# Vegetable greens



## amber (Sep 23, 2006)

I've never cooked greens before, but noticed there are several in the store that I would like to try (swiss chard, beet greens), but there is also dandelion greens though I think those are sour right?

How do you cook the greens?  What if anything do you add to them?


----------



## jennyema (Sep 23, 2006)

I usually sautee chard in evoo with onion and garlic. Sometimes I add a splash of balsamic vinegar and a dusting of shaved parm or asiago. I have also sauteed chard with porcini mushrooms and regular mushrooms. You can really do a lot of things with it -- flavorwise.
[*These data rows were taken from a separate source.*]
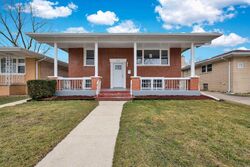 Pre-foreclosure in  Chappel Ave Calumet City, IL 60409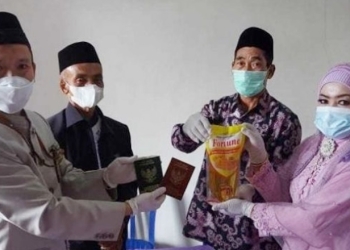 Pasangan kekasih di Desa Suru, Kecamatan Sooko, Kabupaten Ponorogo ini menikah dengan maskawin minyak goreng pada momentum tanggal cantik tepat pada Selasa (22/2/2022). [Ist]
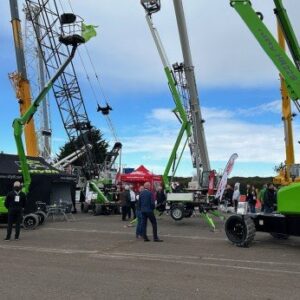 Последние инновации Niftylift: подъемник HR22SE и модернизированный HR12 4×4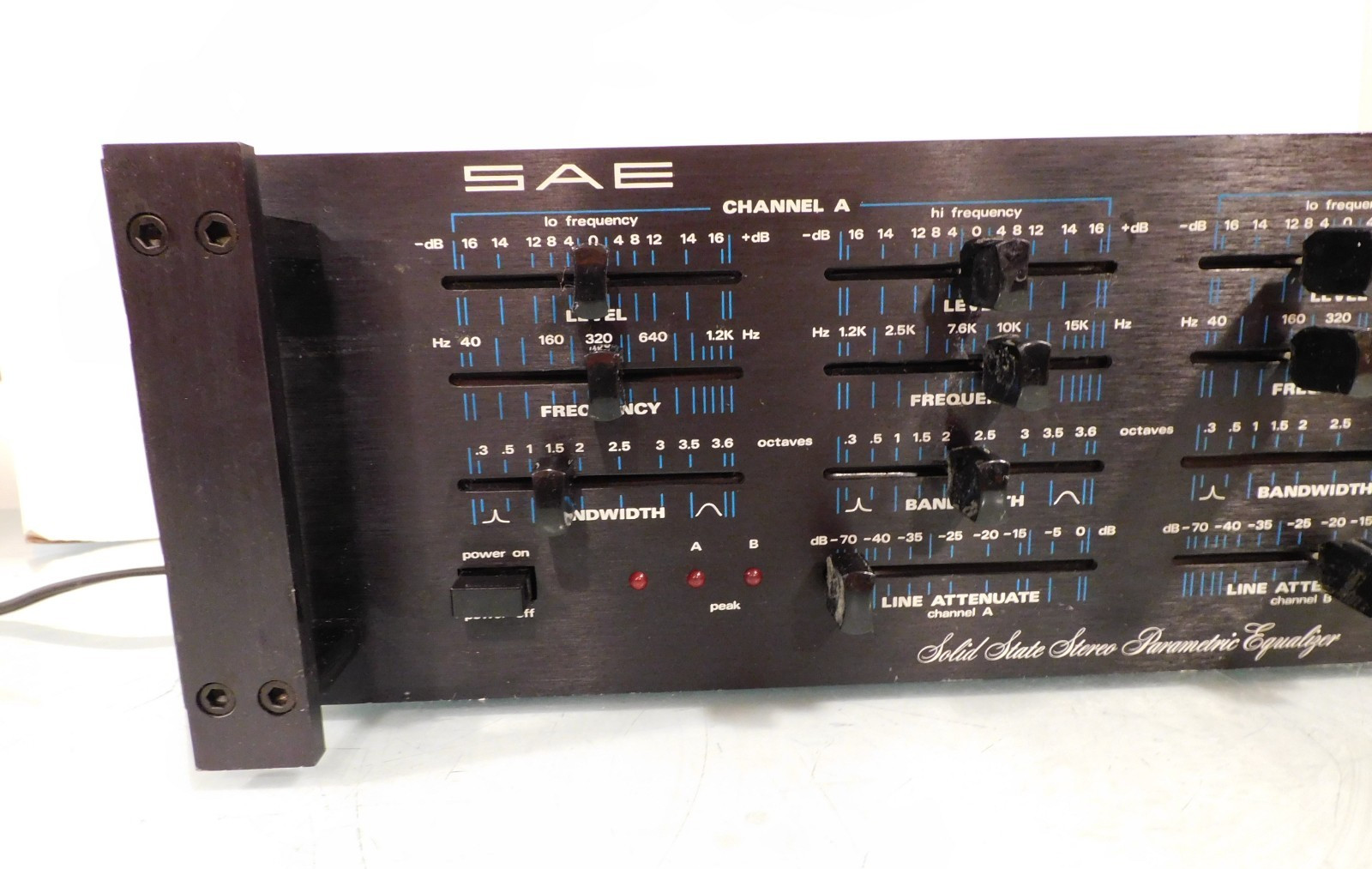 SAE Parametric Graphic Equalizer Vintage Made in the USA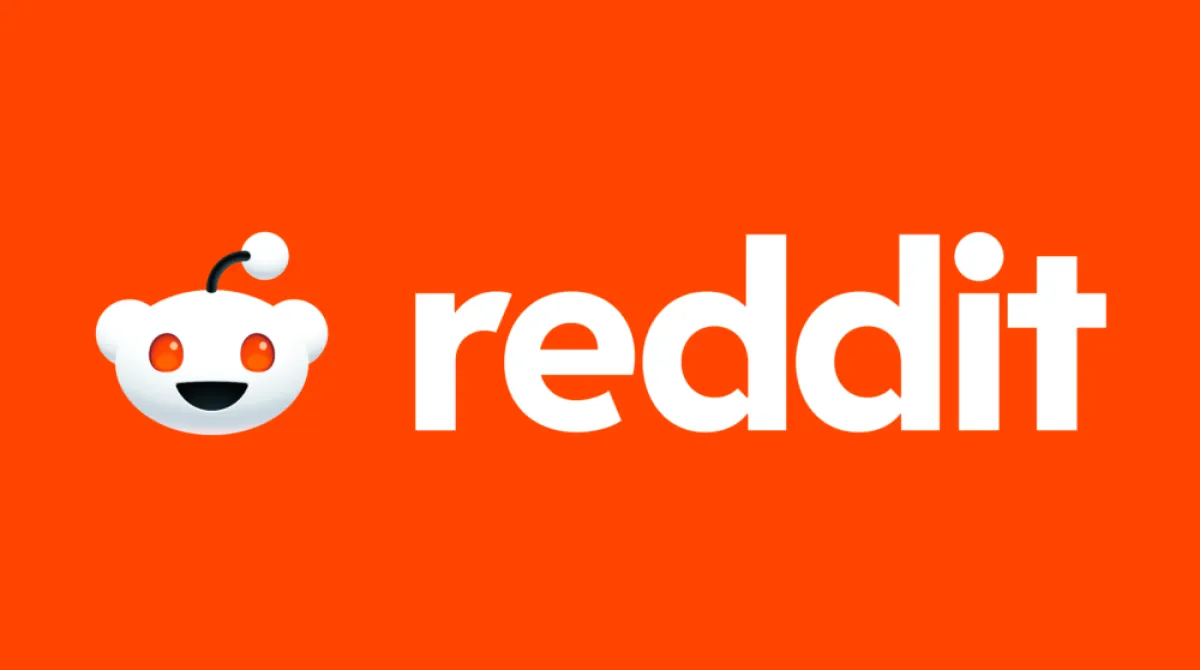 Reddit 社交新闻站点互联网科技品牌吉祥物设计标志设计，白色橙色机器人玩偶风格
You can also add it to soups and stews.  Ribolllita usually calls for spinach and savoy cabbage but you can make it with kale, chard, arugula and lots of other greens.  I always put kale in my pot roast and have also used chard and it's good -- a good way to "slip" chard past kids and other people who think they don't like greens.

For beet greens, I have never bought them without the beet (root) attached. When I make beets, I sautee the greens separately and combine with the cooked beets just before serving. It's a fun Xmas dish since it's bright green and red.


----------



## kadesma (Sep 23, 2006)

amber said:
			
		

> I've never cooked greens before, but noticed there are several in the store that I would like to try (swiss chard, beet greens), but there is also dandelion greens though I think those are sour right?
> 
> How do you cook the greens? What if anything do you add to them?
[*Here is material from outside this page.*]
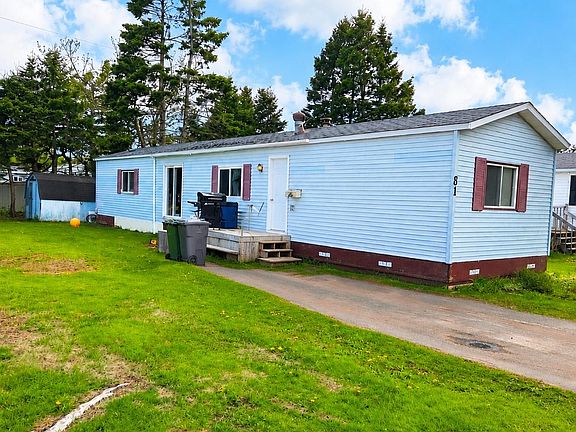 2nd image of 81 Evergreen Vlg
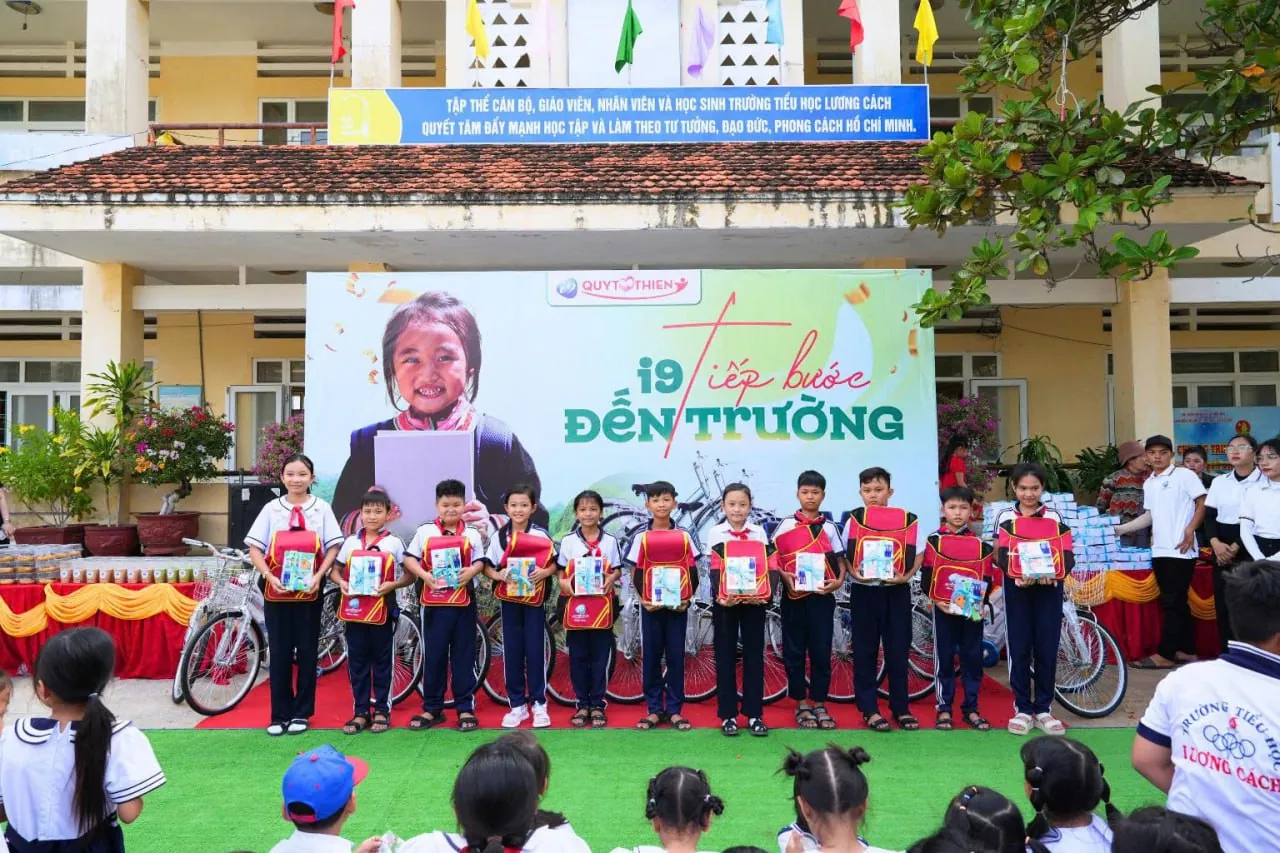 Biểu tượng điện thoại, đại diện cho đường dây nóng hỗ trợ khẩn cấp của gk8888.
Amber dandelion greens are considered a bitter green. I love them the way my granddad use to make them. wash well, the make almost a chopped type salad out of them, add sliced red onion, diced hard cooked eggs toss with salt,pepper, evoo and a good red wine vinegar..For me this and a buttered piece of fresh french bread would be a wonderful lunch I imagine you could cook the dandelion greens, but this salad is different and so good. Chard is wonderful blanched, then press out the water as you would spinach, chop well and will with oh say sauteed onions,garlic and other veggies such as left over asparagus, diced,artichokes, grated fresh parm cheese, then add some eggs salt and pepper and make a torta and bake in the oven til eggs are set and top is golden, it's wonderful hot or cold.
kadesma


----------



## Constance (Sep 23, 2006)

We hillbillies cook greens with bacon and/or bacon grease or a ham hock, chopped onions and garlic. Some saute the onions & garlic in the bacon grease before adding the greens and water, and some just toss them in to boil with the greens. 
Serve with cornbread to soak up the pot liquor.


----------



## amber (Sep 23, 2006)

Wow, all of these recipes sound so good.  I particularly like the salad ideas and the ribollita soup ideas, and the torta. 
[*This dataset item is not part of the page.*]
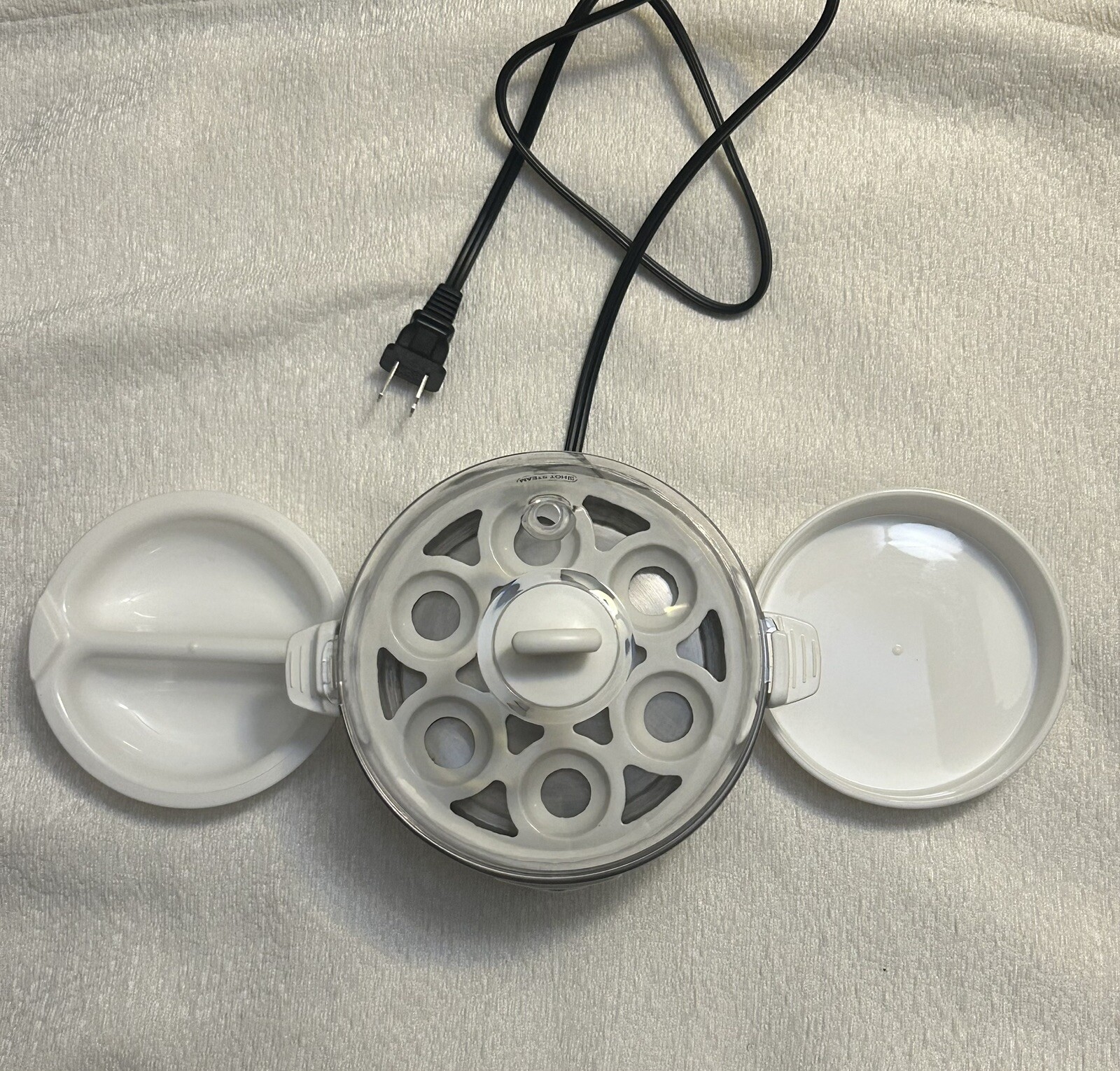 DASH Rapid Egg Cooker with 6-Egg Capacity for Perfect Hard Boiled Eggs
I've never cooked a fresh beet, so do you just boil them til tender I guess?

Constance, I love bacon and this would add alot of flavor to the greens.


----------



## karadekoolaid (Sep 23, 2006)

Sautée some thinly sliced onion, and add a little hot red chili pepper. Add the chopped greens and sauté for a minute or two. Add some freshly grated coconut, a tsp of curry powder, and cook until the greens wilt.


----------



## carolelaine (Sep 25, 2006)

Wash your greens really carefully, because they usually have alot of grit.  Remove the tough stems.  I like mine simmered in chicken broth with onions.  Since I am from the South, I like them spiked with tabasco vinegar.  The ones in the garden are almost big enough to cut.  I can't wait.


----------



## GB (Sep 25, 2006)

I like to chop up some garlic and add that and the greens to a pan. Add a little chicken stock and put a cover on. Let them steam till they are done to your liking.


----------



## daisy (Sep 25, 2006)

*These 'greens' are called potherbs. They can be used in just the same ways as spinach, alone or in combination. Use them raw in salads, or toss them into a stirfry, or add them to quiche, or serve alone as a vegetable on the side. You can do pretty much what you like to them - sprinkle with olive oil, or sprinkle with blanched almonds or sesame seeds or whatever. 

The dandelion should not be too bitter. If it is, it probably hasn't been blanched, but you can cook it like spinach in several changes of water to remove excess oxalic acid which makes it bitter. 
* 
Use any of the following, making sure you have correctly identified an edible herb:

dandelion, cat's ear, dock, nettles, sheep sorrel, fat hen, chickweed, sow thistle, purslane, amaranth, mustard.  Combine with spinach, lettuce, comfrey leaves, green beetroot tops, carrot tops or turnip tops and smaller amounts of culinary herbs.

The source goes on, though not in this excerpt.